Using the entries that follow, write out the line containing "[부산=뉴시스] 부산시설공단 본사", the line containing "Fashion White Wool", and every line between them, exactly and nothing else.
Input data START
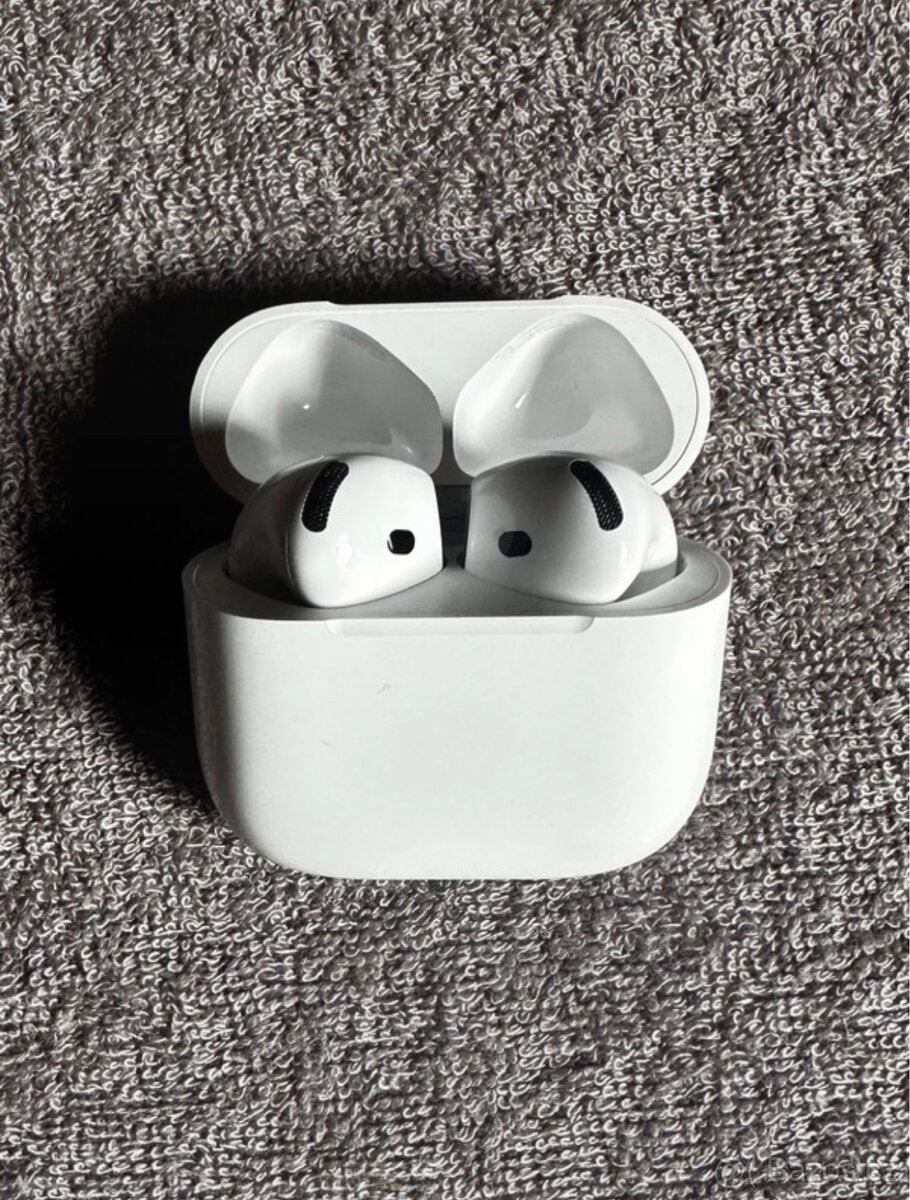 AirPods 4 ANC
Input data END
Input data START
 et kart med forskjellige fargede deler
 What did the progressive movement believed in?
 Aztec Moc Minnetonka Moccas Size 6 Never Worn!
Input data END
Input data START
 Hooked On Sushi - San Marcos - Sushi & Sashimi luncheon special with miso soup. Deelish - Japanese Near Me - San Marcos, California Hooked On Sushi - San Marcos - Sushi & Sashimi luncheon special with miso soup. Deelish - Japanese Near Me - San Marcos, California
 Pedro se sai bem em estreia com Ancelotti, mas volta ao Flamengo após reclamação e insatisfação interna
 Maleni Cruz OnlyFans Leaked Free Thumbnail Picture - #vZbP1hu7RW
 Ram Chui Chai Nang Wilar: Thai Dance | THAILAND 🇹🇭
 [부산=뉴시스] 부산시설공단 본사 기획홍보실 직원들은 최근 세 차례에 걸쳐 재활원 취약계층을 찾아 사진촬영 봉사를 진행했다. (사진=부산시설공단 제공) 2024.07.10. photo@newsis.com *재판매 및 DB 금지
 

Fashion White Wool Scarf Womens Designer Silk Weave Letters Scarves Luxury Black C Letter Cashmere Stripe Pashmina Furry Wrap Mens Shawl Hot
Input data END
= Response =
 [부산=뉴시스] 부산시설공단 본사 기획홍보실 직원들은 최근 세 차례에 걸쳐 재활원 취약계층을 찾아 사진촬영 봉사를 진행했다. (사진=부산시설공단 제공) 2024.07.10. photo@newsis.com *재판매 및 DB 금지
 

Fashion White Wool Scarf Womens Designer Silk Weave Letters Scarves Luxury Black C Letter Cashmere Stripe Pashmina Furry Wrap Mens Shawl Hot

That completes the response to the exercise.